Foot-and-mouth disease virus (FMDV) causes morbidity and mortality in a range of animals and threatens local economies by acting as a barrier to international trade. The outbreak in the United Kingdom in 2001 that cost billions to control highlighted the risk that the pathogen poses to agriculture. In response, several mathematical models have been developed to parameterize and predict both transmission dynamics and optimal disease control. However, a lack of understanding of the multi-strain etiology prevents characterization of multi-strain dynamics. Here, we use data from FMDV serology in an endemic setting to probe strain-specific transmission and immunodynamics. Five serotypes of FMDV affect cattle in the Far North Region of Cameroon. We fit both catalytic and reverse catalytic models to serological data to estimate the force of infection and the rate of waning immunity, and to detect periods of sustained transmission. For serotypes SAT2, SAT3, and type A, a model assuming life-long immunity fit better. For serotypes SAT1 and type O, the better-fit model suggests that immunity may wane over time. Our analysis further indicates that type O has the greatest force of infection and the longest duration of immunity. Estimates for the force of infection were time-varying and indicated that serotypes SAT1 and O displayed endemic dynamics, serotype A displayed epidemic dynamics, and SAT2 and SAT3 did not sustain local chains of transmission. Since these results were obtained from the same population at the same time, they highlight important differences in transmission specific to each serotype. They also show that immunity wanes at rates specific to each serotype, which influences patterns of local persistence. Overall, this work shows that viral serotypes can differ significantly in their epidemiological and immunological characteristics. Patterns and processes that drive transmission in endemic settings must consider complex viral dynamics for accurate representation and interpretation.
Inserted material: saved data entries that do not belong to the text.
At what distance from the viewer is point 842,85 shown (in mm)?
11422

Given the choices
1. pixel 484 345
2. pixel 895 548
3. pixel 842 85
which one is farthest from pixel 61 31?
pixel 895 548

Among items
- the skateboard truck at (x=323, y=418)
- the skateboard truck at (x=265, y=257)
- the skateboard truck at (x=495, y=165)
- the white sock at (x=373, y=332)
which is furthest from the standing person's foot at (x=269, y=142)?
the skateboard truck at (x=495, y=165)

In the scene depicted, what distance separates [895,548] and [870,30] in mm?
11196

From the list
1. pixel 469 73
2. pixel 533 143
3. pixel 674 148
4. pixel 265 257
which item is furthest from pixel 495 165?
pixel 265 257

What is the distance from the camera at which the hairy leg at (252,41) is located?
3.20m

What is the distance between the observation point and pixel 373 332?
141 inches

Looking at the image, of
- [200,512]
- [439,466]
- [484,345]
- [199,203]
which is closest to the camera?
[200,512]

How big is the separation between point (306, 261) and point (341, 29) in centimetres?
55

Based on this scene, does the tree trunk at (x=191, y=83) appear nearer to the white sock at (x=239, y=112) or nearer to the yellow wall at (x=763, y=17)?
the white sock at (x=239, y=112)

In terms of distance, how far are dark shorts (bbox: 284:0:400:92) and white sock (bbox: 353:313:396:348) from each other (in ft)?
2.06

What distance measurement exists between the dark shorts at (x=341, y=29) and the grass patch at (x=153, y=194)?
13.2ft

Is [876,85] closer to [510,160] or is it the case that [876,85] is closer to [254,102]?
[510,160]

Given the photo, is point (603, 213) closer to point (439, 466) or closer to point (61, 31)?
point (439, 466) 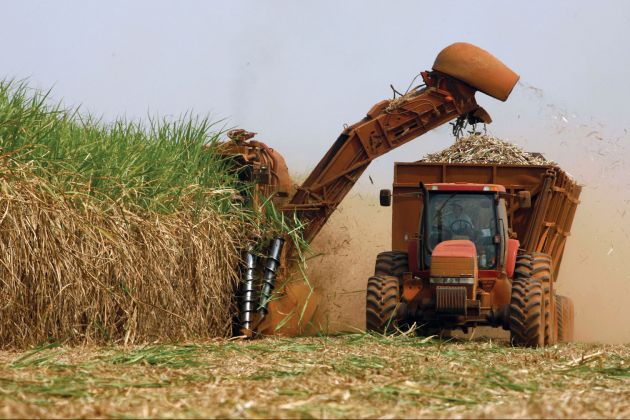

口蹄疫病毒(FMDV)可导致多种动物发病和死亡,并因阻碍国际贸易而威胁当地经济。2001年英国爆发的口蹄疫疫情,控制成本高达数十亿美元,凸显了该病原体对农业构成的风险。作为回应,已开发出几种数学模型来参数化和预测传播动态及最佳疾病控制措施。然而,由于对多毒株病因缺乏了解,无法对多毒株动态进行特征描述。在此,我们利用地方流行环境中口蹄疫病毒血清学数据来探究毒株特异性传播和免疫动态。口蹄疫病毒的五种血清型影响喀麦隆远北地区的牛群。我们将催化模型和反向催化模型与血清学数据进行拟合,以估计感染强度和免疫衰退率,并检测持续传播期。对于血清型SAT2、SAT3和A型,假设终身免疫的模型拟合效果更好。对于血清型SAT1和O型,拟合效果更好的模型表明免疫力可能会随时间减弱。我们的分析进一步表明,O型具有最大的感染强度和最长的免疫持续时间。感染强度估计值随时间变化,表明血清型SAT1和O型呈现地方流行动态,血清型A型呈现流行动态,而SAT2和SAT3未维持本地传播链。由于这些结果是在同一时间从同一人群中获得的,它们突出了每种血清型在传播方面的重要差异。它们还表明,每种血清型的免疫力以特定速率减弱,这会影响本地持续存在模式。总体而言,这项工作表明病毒血清型在流行病学和免疫学特征上可能存在显著差异。在地方流行环境中驱动传播的模式和过程必须考虑复杂的病毒动态,以便进行准确的呈现和解释。